Reproduce word for word every line from the one containing "this 998×536 image." to the final line of the data below; omit the pictures.
---- MATERIAL FOR THE TASK
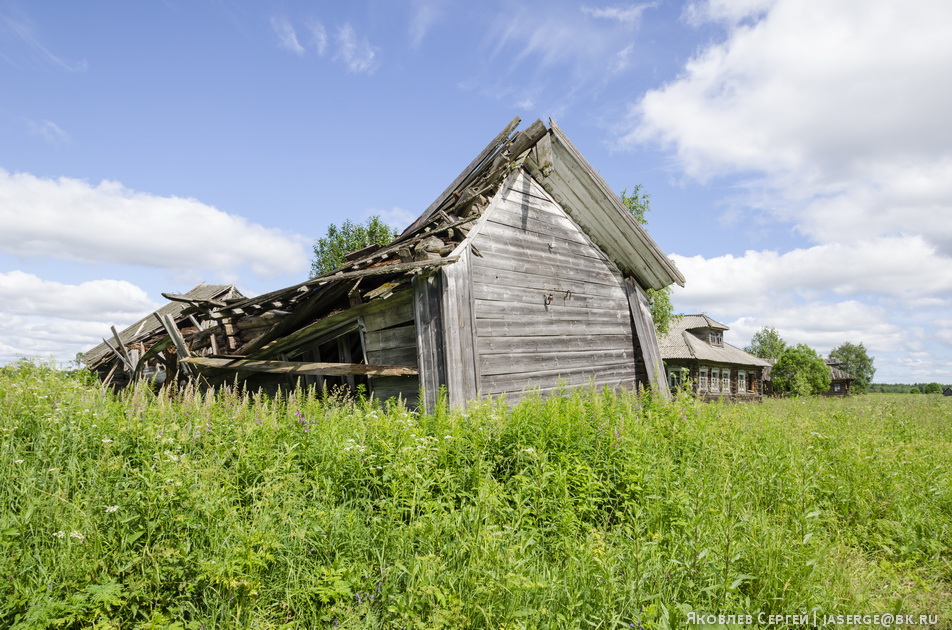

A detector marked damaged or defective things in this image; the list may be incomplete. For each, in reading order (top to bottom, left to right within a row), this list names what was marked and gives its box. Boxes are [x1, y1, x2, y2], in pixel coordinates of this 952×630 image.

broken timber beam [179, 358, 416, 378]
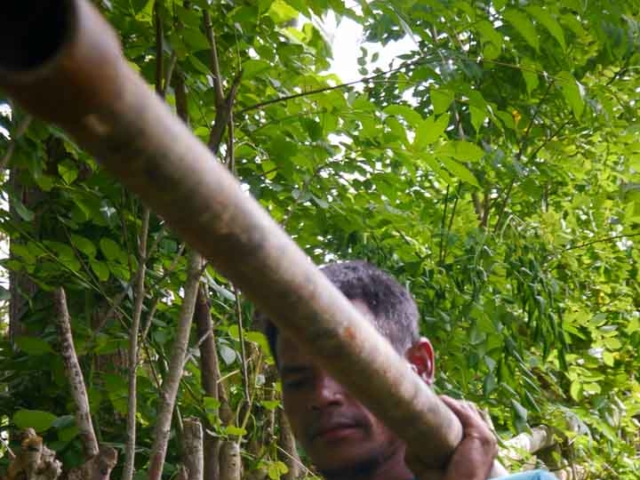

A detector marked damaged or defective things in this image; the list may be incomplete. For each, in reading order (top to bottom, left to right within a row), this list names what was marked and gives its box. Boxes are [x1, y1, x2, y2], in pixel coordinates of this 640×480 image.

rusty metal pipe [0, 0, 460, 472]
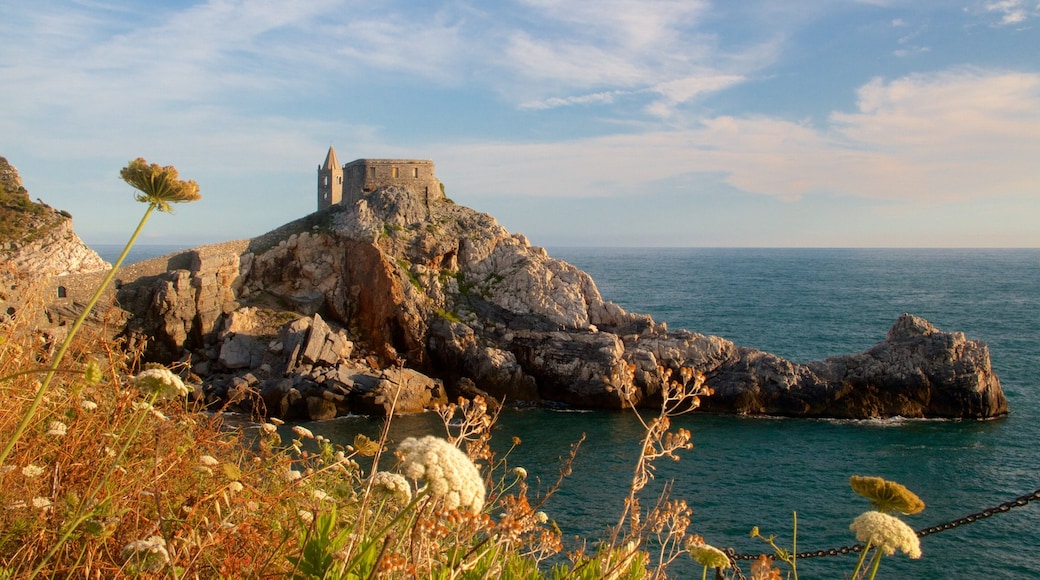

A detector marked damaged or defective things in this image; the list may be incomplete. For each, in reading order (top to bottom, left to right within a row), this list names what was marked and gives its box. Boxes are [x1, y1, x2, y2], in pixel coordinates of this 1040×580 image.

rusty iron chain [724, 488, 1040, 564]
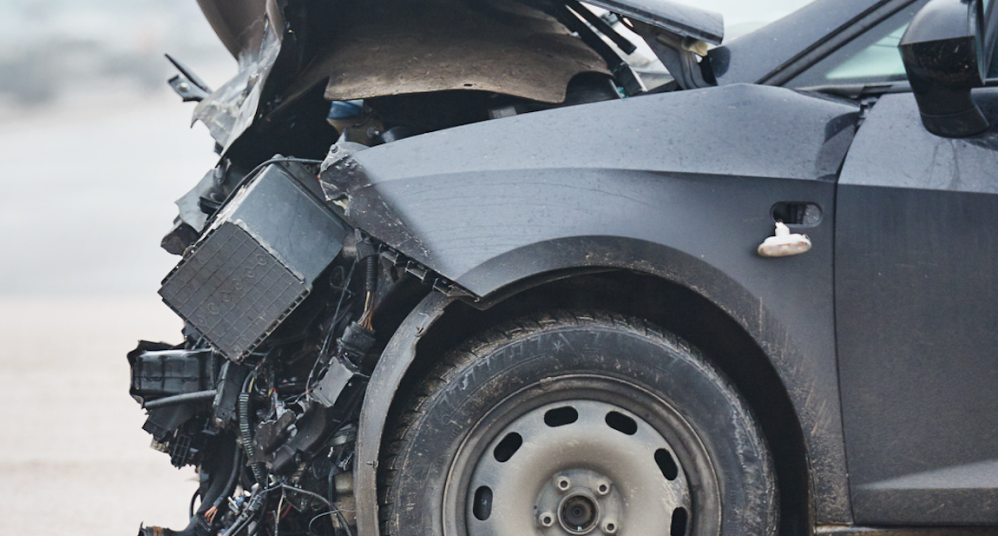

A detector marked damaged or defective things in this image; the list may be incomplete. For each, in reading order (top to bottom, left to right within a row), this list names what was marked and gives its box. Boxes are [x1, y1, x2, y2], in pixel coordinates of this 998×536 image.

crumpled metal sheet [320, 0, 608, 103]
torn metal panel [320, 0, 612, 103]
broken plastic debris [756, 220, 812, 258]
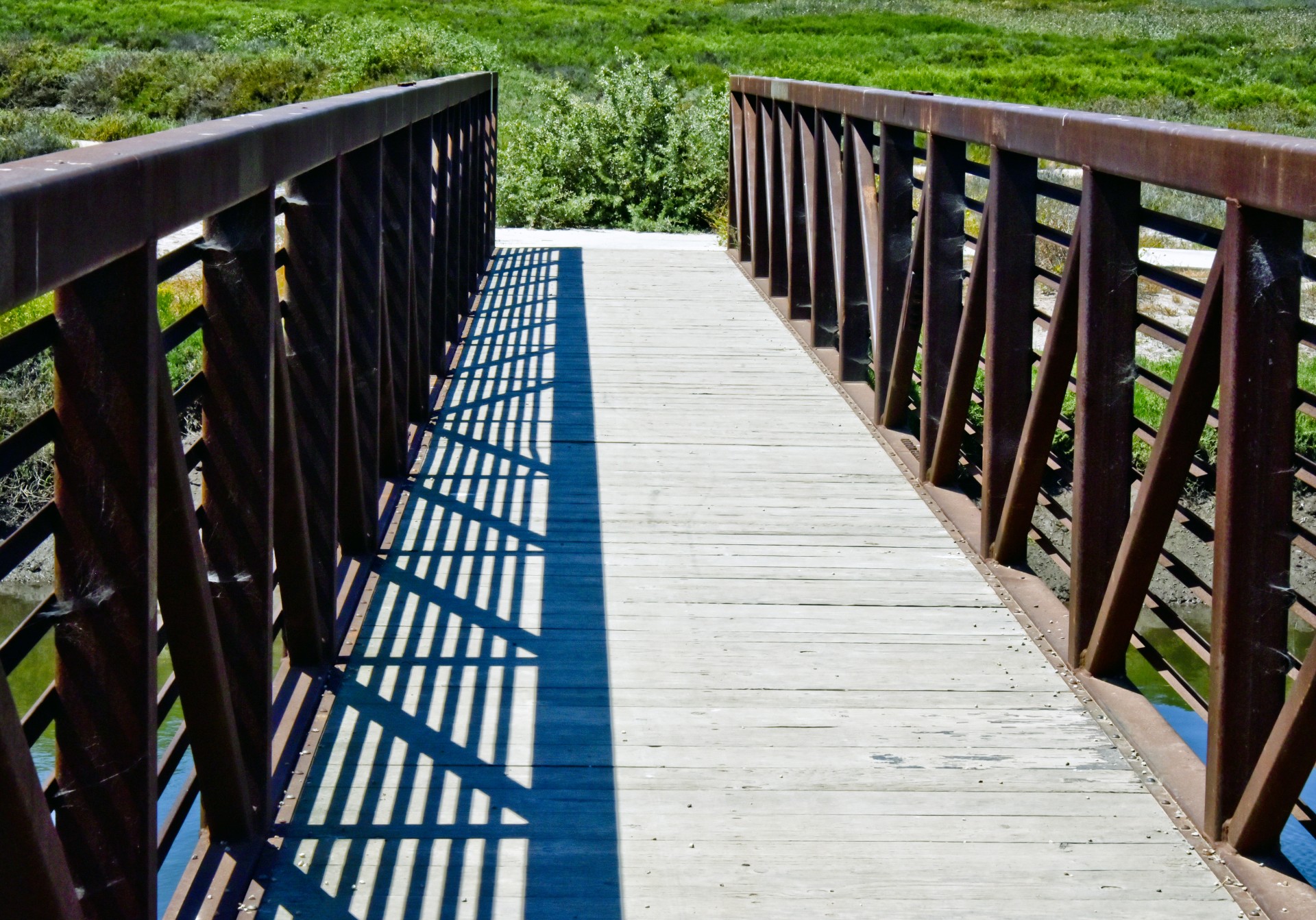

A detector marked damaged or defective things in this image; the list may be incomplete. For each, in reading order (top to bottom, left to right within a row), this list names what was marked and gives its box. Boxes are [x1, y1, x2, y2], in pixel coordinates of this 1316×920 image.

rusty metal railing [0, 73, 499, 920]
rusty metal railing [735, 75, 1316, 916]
--------
■ **WRITTEN SOLUTION**:
A detector marked damaged or defective things in this image; the list may be incomplete. For each, in reading order (top to bottom, left to right within a row), this list names what was marked and gives its box. Boxes are [x1, y1, x2, y2], in pixel coordinates of this 998×536 image.

crumpled metal sheet [320, 0, 608, 103]
torn metal panel [320, 0, 612, 103]
broken plastic debris [756, 220, 812, 258]

A detector marked damaged or defective things in this image; the list may be incomplete. For each, in reading order (top to bottom, left to right within a row), this list names what was marked and gives its box. Boxes are [x1, y1, x2, y2], in pixel coordinates of this 1316×920 image.

rusty metal railing [0, 73, 499, 920]
rusty metal railing [735, 75, 1316, 916]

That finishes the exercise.